しかし、そのままだったらワタシは漫画家になれなかった。その分岐点になったのが、永島慎二先生の漫画でしょう。ワタシは漫画家にはなりたかったけど、漫画家をカッコイイとは思っていなかったのです。これはたぶん漫画家全員のトラウマかも。漫画家は漫画家をカッコイイとは思っていません。実際カッコよくないし。
ワタシは永島先生の漫画をカッコイイと思ったと同時に、永島先生自身もカッコイイと思った。そこからなんつぅか、ほんとに漫画家になりたくなったわけですのす。
漫画家になってから20年たってホッとしていた頃、永島先生が宮城県に来るということをテレビで知りました。ワタシは誰かに会いたいということがない薄情な人間です。しかし、この時、永島先生にだけは会っておかねばならないと思いました。思ったらヒザが震え、ご飯もこぼしました。実物の永島先生に会うということは、ワタシにとって「さぁ、いよいよこの部屋に本物の宇宙人が入って来ます!」というのと同じぐらいのイベントだったわけです。

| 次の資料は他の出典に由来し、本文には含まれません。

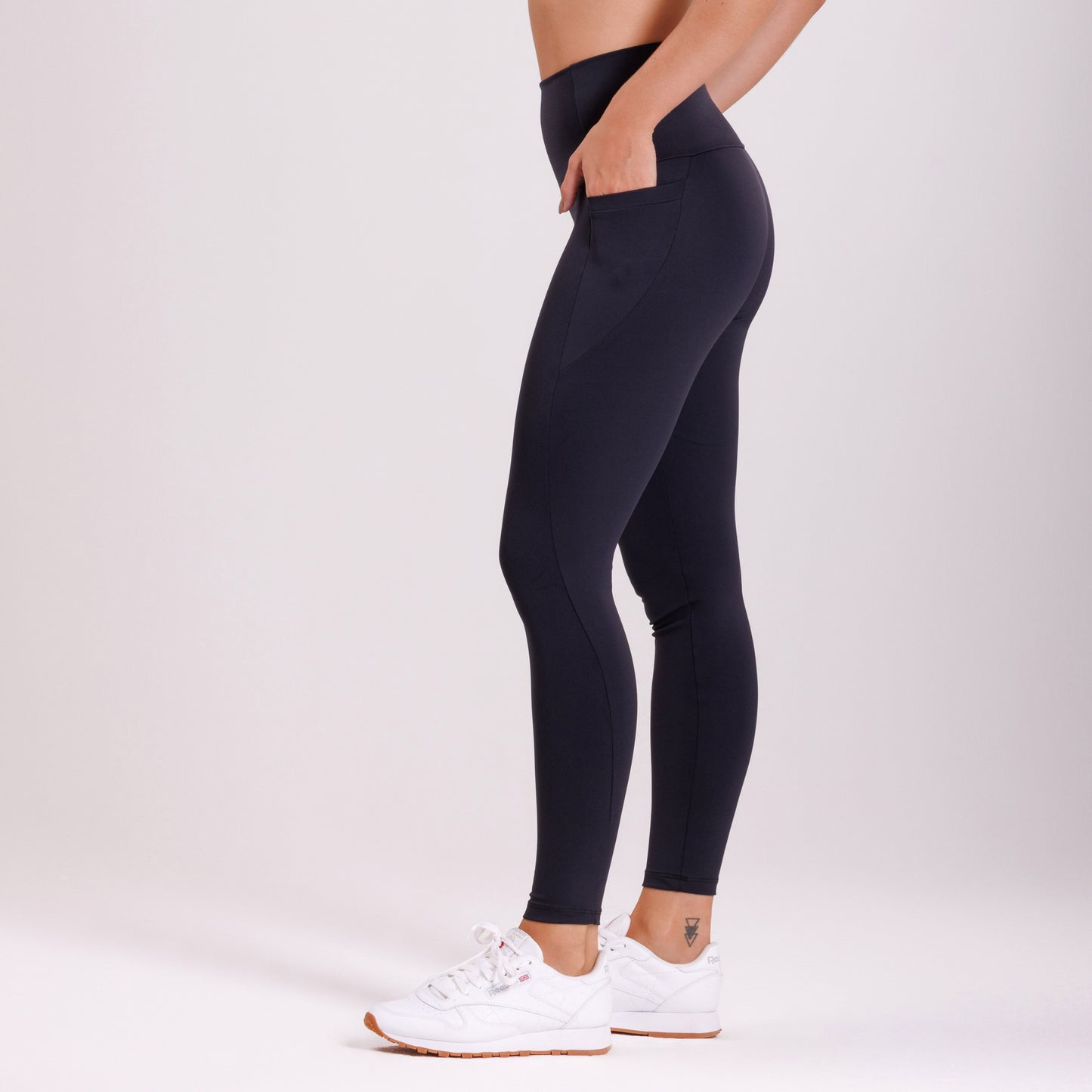 Legging Run Bolsos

その時の写真がワタシの仕事場に飾ってあります。下の方に「いがらしみきお漫画家生活二十周年記念」という文字があるのが読めるでしょうか。ワタシのカバンの口がパッカリ空いたままなところに当日の動転を見てとってくださいまし。
それが漫画家になって20年目の時のこと、実は来年は30年になります。今度も誰かに会いに行こうかと思ったら、ワタシにはもう会いたい人がいません。
子どもの頃から「漫画家になりたい」と思って来たんですが、昨日考えたら、漫画家になってからも思いつづけていたような気がします。今でもどこかで思ってるんじゃないでしょうか。「漫画家になりたい」って。